Variation in exercise does lead to continual adaptation but this is primarily form variation in speed, volume, cadence, and intensity of weight as related to your 1 rep max.

That is one of the fundamentals of Westside Barbell Training

I totally agree. I dont know how many studies I see of adaptation to exercise.

First, there are different types of muscle fibers. Fast and slow. Fast are only good for about 2-3 reps, depending on the person. And slow compose the rest of the lifting per set. So if you always did 3 reps, you would only hit roughly 10%(in most people) of the fibers in any given muscle. We all know that a muscle fiber contracts and only one specific force, the only difference between a one rep max and a ten rep max is that ALL THE FIBERS in the muscle are recruited for the one rep, whilst about 20% are recruited for 2 reps on the 10 rep set. Basically what I am saying that its imperative to vary, volume, reps, and most important exercise's to develope the most you can.
I wont even get into the different types of energy (ATP, Creatine Phosphate, Glycogen) that muscles use at different levels of exaustion.
 
"Shocking" seems to work better for hypertrophy than for strength.

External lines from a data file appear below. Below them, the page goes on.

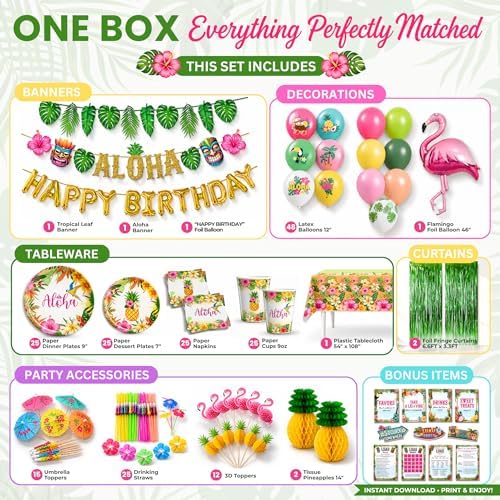 Premium Luau Birthday Party Decorations Set for 25 Guests - Hawaiian Theme - Image 2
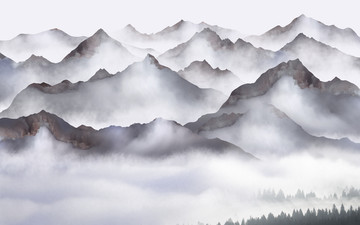 抽象意境云霧山水畫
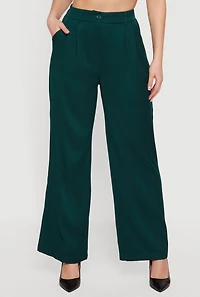 High Waisted Wide Leg Pleated Dress Pants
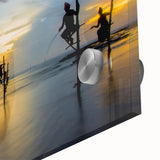 Large abstract wall art print of Sri Lankan scenery on acrylic glass, featuring mid-century modernist style.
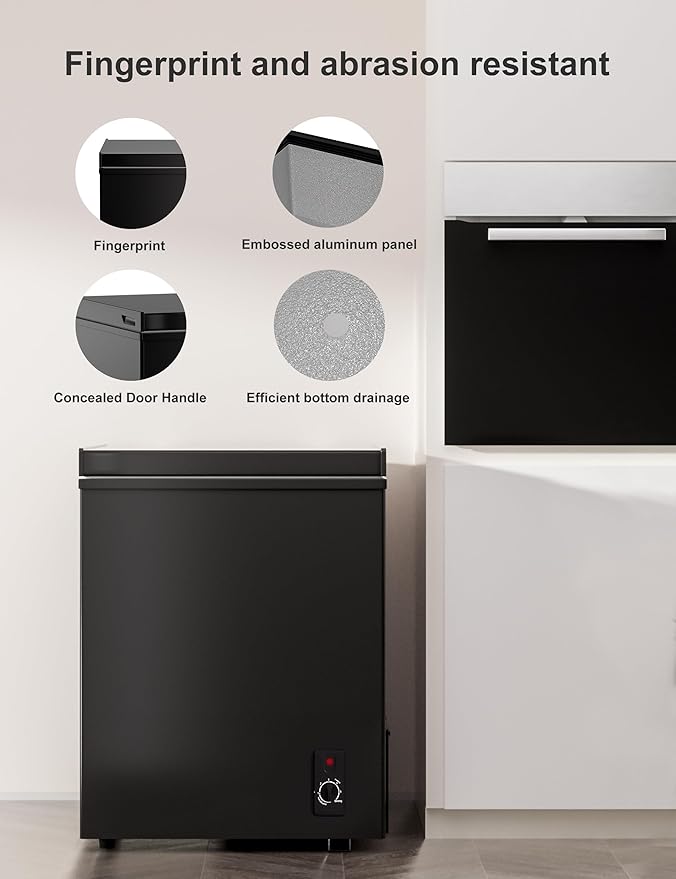 3.5 Cubic Feet Chest Freezer - Free Standing Top Open Door Compact Mini Deep Freezer, Energy-Efficient, Quiet(38db) w/Adjustable Temperature for Apartments and RVs, Home, Bar, Dorm, Kitchen (Black)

You can build strength for a long time without "shocking" your body, however, to stimulate a compensatory build up of muscle- a "shock" ie, a new or changed stimulus can be beneficial.
 
I have recently thought about the same issue. I feel that variation of exercises is mostly for the mind and not the body. The neromuscular condition aspect (the part where you recruit less muscle fibers to do the same exercise) I think only takes place to a significant degree after a VERY long time. Of course like Zyg said you are always lifting more weight; another technique would be to do the same exercise but go high rep one period and low reps another period.

Anyways sometimes I like keeping my routine very similar for months on end; I still feel I progress. At times I need the change. That need is mostly mental.

JC
 
Damn guys!

This was an article from askmen.com
I didnt think of this. I put it up for a good laugh. Maybe i should of put this in the beginning.

But i can continue to do the same exercises every time, aslong as i keep adding weight. Gains will keep coming.
 
DJRAZR said:
Damn guys!

This was an article from askmen.com
I didnt think of this. I put it up for a good laugh. Maybe i should of put this in the beginning.

But i can continue to do the same exercises every time, aslong as i keep adding weight. Gains will keep coming.

LOL, yes, by all means, you should have put that little warning at the beginning! :)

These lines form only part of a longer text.